_WHAT YOU WILL DO_. Write out exactly, and only, the lines below from the line with "Gemüsesamen Wildgemüse" through the line with "Yellowstone National Park"; pictures do not belong in the copy.

_MATERIAL FOR THIS EXERCISE_.
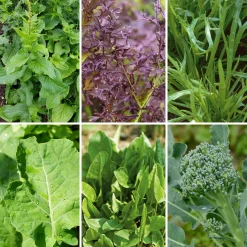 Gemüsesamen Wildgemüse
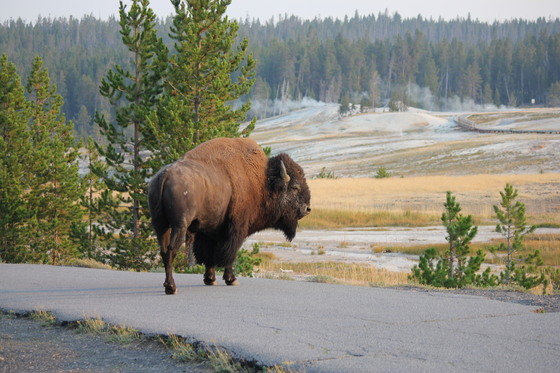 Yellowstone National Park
--
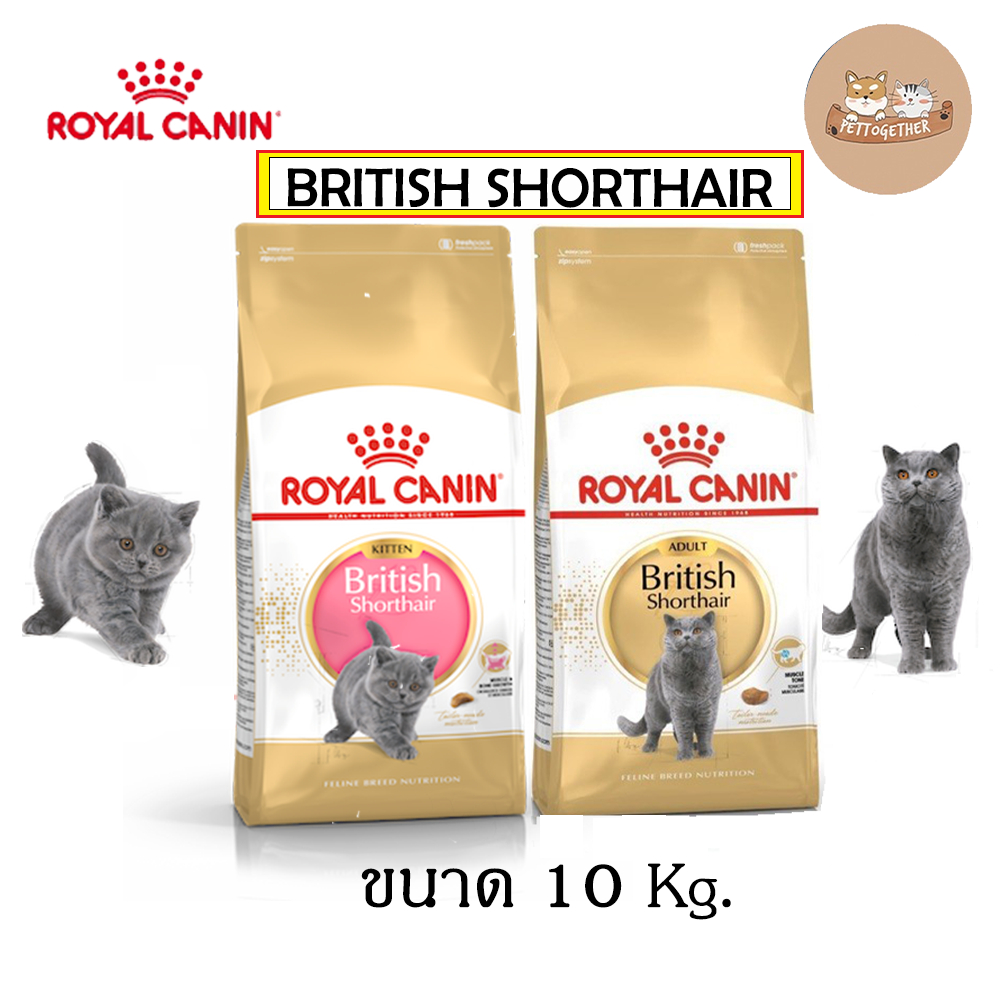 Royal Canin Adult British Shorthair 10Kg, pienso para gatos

_THE COMPLETED TASK_.
 Gemüsesamen Wildgemüse
 Yellowstone National Park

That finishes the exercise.